Tonight’s meal was a chicken stew that was heavy with broth and selections of older, last season’s harvest of root vegetables from the furthest corner of the larder and far too much celery, and preciously weak on actual morsel bits of the chicken. If the portion in the small wooden bowl had been double the volume, it still wouldn’t have been near enough to satisfy the growing boy’s fierce hunger. There was a bit of hard seed bread also that might have been a nice treat if it had been a day or two fresher, and about triple its present size. Still, this was a very slight improvement over the usual stale bit of white bakery breakfast loaf that was sometimes provided.

He gazed at his meal with some visible longing, but despite his ravenous hunger he set the bowl and the bit of seed bread down on the floor closer to the animal and gently pushed them closer to it, trying not to frighten the creature. Then he took a step or so backwards and knelt down on his knees to wait for his dinner companion to take her fill first. This time she ate, trotting up and nibbling a few of the seeds off of the bread crust at first, but then she lifted herself up on her back legs to examine the weak stew, but clearly she didn’t much approve of it. She made a show of twitching her whiskers restlessly as she examined the fare and then decided that one bit of floating onion didn’t look or smell too disgusting, and she selected that for her main course. She took it in her mouth and then trotting away from the bowl, signifying that she was done, and that her host might enjoy the rest.

Usually the lad tried to eat slowly, to savor and stretch out his meal, to make a small amount of food seem to last longer ... to the eyes anyway, if not the stomach, but his hunger tonight was such that he swallowed the watery fare with much greater haste than usual, his tongue barely getting the time to taste what he was swallowing. Worse, now that he’d finished, it felt as if he’d only enjoyed a small appetizer and his stomach rumbled some more, eager that yet more fodder be provided to fill it.
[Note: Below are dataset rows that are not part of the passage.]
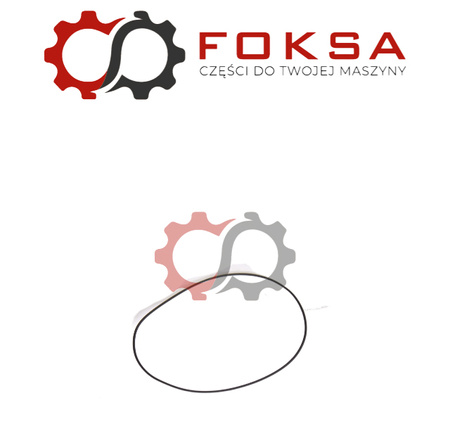 Pierścień uszczelniający cylindra ORG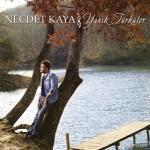 album image Koyverdin Gittin Beni / Gelevera Deresi Yanık Türküler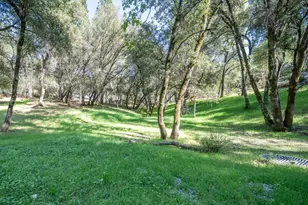 1621 Coyote Dr, Murphys, CA 95247 - Photo 1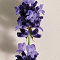 Atelier des Fleurs: Lavanda
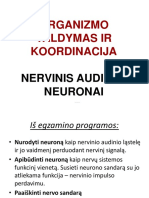 1 - 12-A-Neuronai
“I think they’re trying to starve us, little one,” he muttered, as much to himself as to his dinner companion. “That scant bowl might have fed a smaller boy, assuming the youngster in question was already a stout little fellow, with plenty enough amidst his belly to spare, but as a dinner for two, it leaves rather a great deal to be desired!” The mouse cleaned her whiskers and paws, but seemed in general principle to agree with her host.

His guest remained and the lad did his best to make polite post-dinner conversation until the scullion returned to collect the bowls and the waste pot, at which time the mouse began to exhibit increasing signs of nervousness. As the lowly kitchen maid departed, the mouse frantically ran for the door but stopped for just a moment to look back upon the boy before she passed with ease through the bottom food hatch, and then she was gone.

His diminutive friend didn’t return again until the last day of the winter solstice holiday, once more. Winter had come early that year and already the dungeons were uncomfortably cold. Ben had already hastily eaten his inadequately meager dinner before her arrival, which contained none of the traditional seasonal feast items, yet once again. The lad was no longer even disappointed at being passed over yet again, for the third year now ... but he was delighted to see the mouse once more!